Die eigenen, langen Jahre an der Universität waren für Rafael Horzon verlorene Zeit. Mit dem Schnellstudium an der Akademie möchte er seinen Studenten Lebenszeit schenken. Er gerät fast in Rage, wenn er über seine wichtigste Erkenntnis als selbständiger Unternehmer spricht:

" (…) dass man einfach wegkommt von diesem Papierwahn, dass das Leben aus einer Ansammlung von Papieren besteht, dass man eine Klarsichtfolie hat, wo so das Abizeugnis drin ist und so die Scheine, die Proseminarscheine und dann das Diplom, und dieser Arbeitsvertrag, und dann am Ende so die Verbrennungsurkunde vom Sargdiscount. Also dass man von diesem Wahn loskommt und sein Leben lieber begreift als die Abfolge von der Umsetzung von Wünschen, die man verwirklicht hat."

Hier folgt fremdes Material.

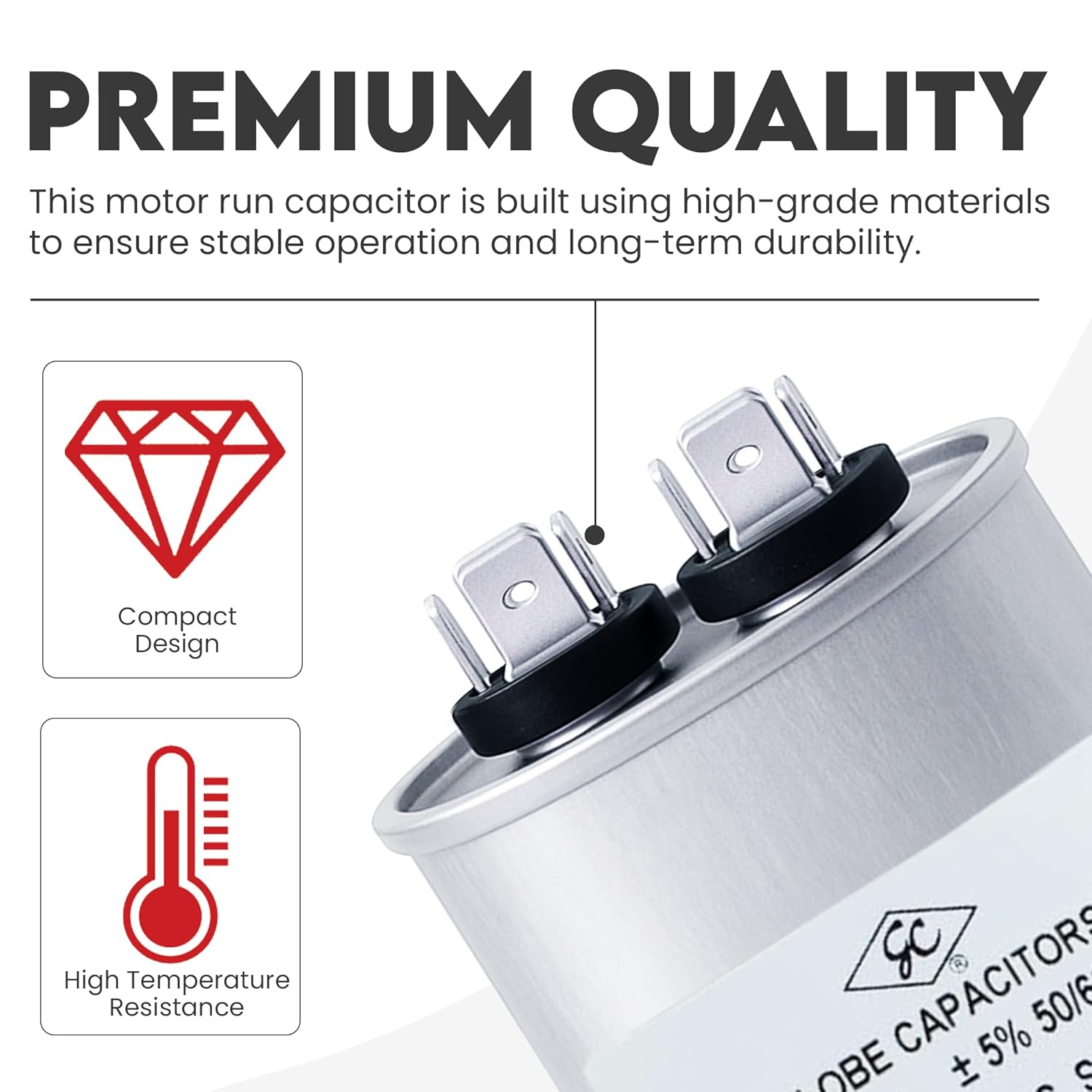Globe Capacitor 25mfd ±5% 370V/440V Oval Single Element CBB65 Motor Run UL Recognized 25uf 370/440VAC 50/60hz Industrial Electrical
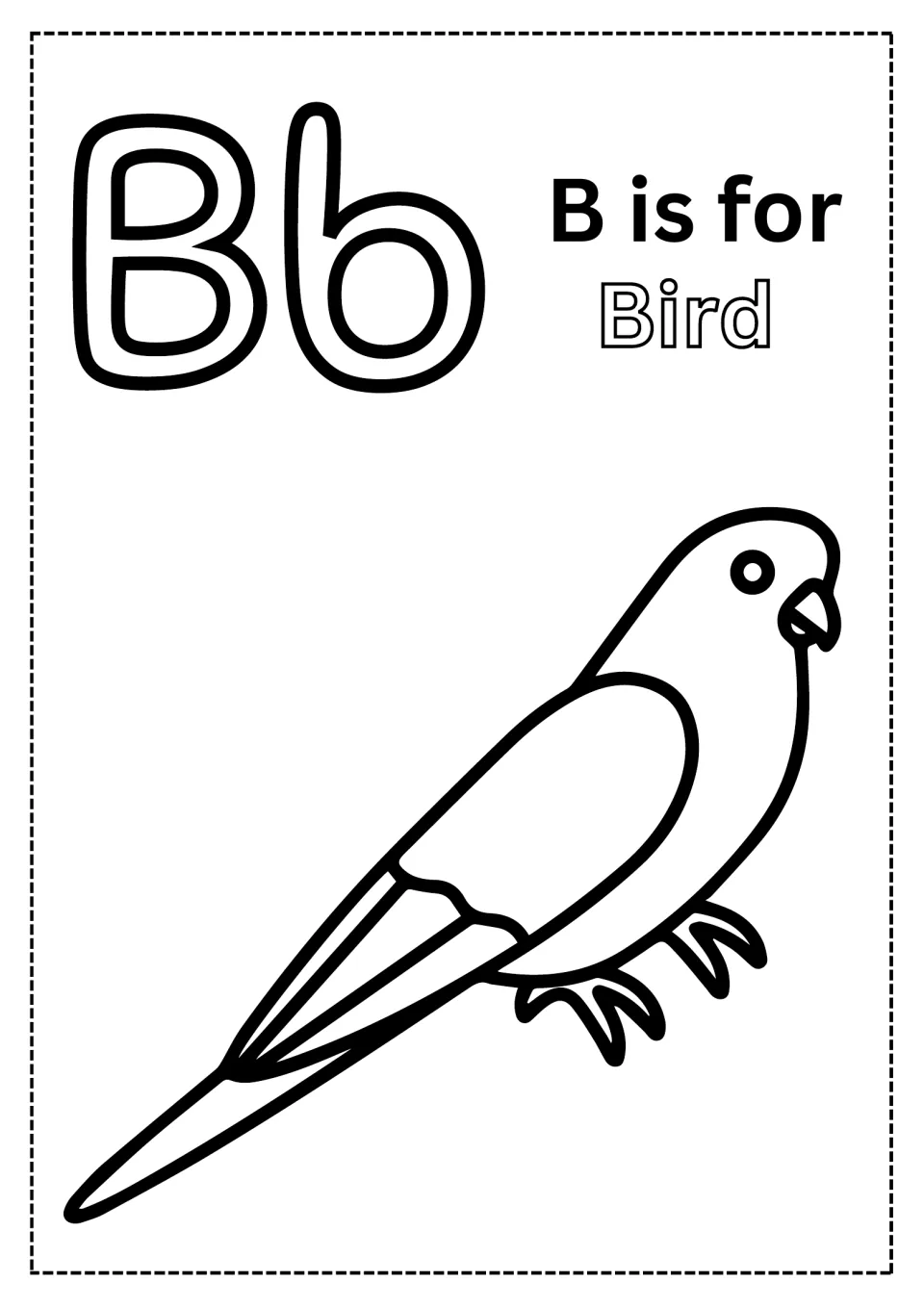 Letter B coloring page: children color bubble letters Bb, the word Bird in outline and a perched parrot-like bird
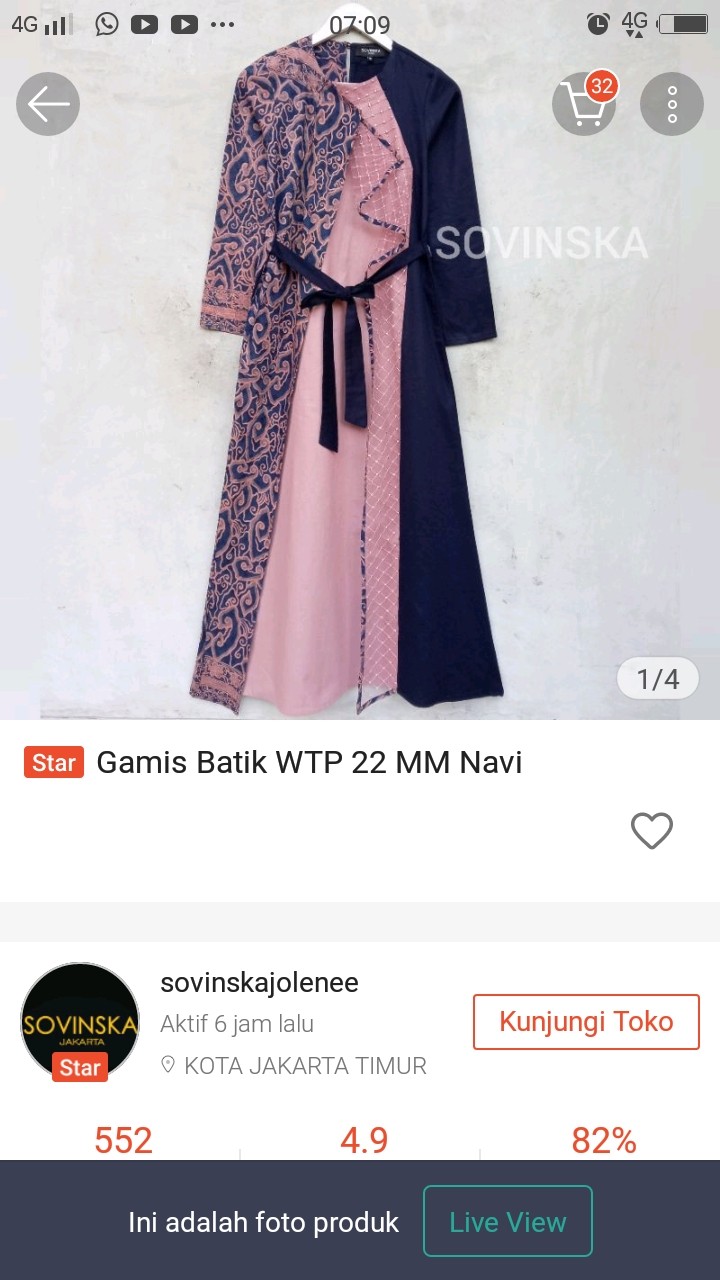 Gamis Batik Wtp 22 Mm Navi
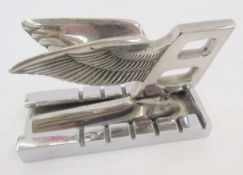 Bentley chrome 'Flying B' car mascot, 10cm wide x 6cm high with chrome stand, 3 Rolls Royce leaflets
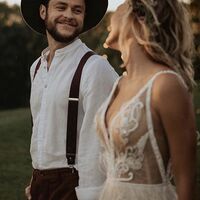 Sexy Floral Wedding Dress, Deep V-neck Tulle Wedding Dress Bridal Gown - Thumbnail 1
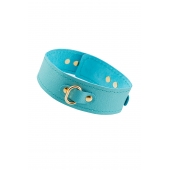 Голубой кожаный однослойный ошейник с прошивкой - Pecado - купить с доставкой в Рязани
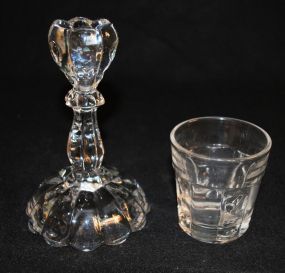 Heisey Crystal "Old Sandwich" Candlestick & Highball Tumbler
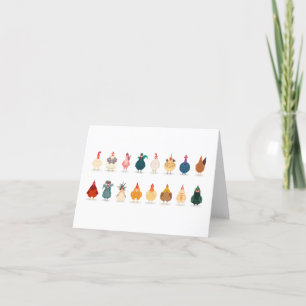 Cute Chicken Letterpress Thank You Card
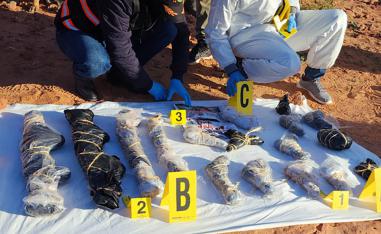 The weapons seized during the search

Insofern ist es auch verständlich, dass Rafael Horzon sich so vehement dagegen wehrt, als Künstler wahrgenommen zu werden. Er macht nichts, weil es Kunst ist, sondern weil es ihm Spaß macht, sich selbst zu entwerfen – als Unternehmer oder als Hochschuldirektor. Aber doch bitte nicht als Künstler – was soll denn das überhaupt sein? Dabei macht ihm die Rolle des gewissermaßen verkannten Nicht-Künstlers insgeheim bestimmt große Freude:

"Das macht einen völlig wahnsinnig, wenn man sein Leben lang daran arbeitet, das Gegenteil von Kunst zu machen und dann am Ende als Künstler dasteht. Das ist ja ganz schrecklich, tragisch kann man das schon nennen."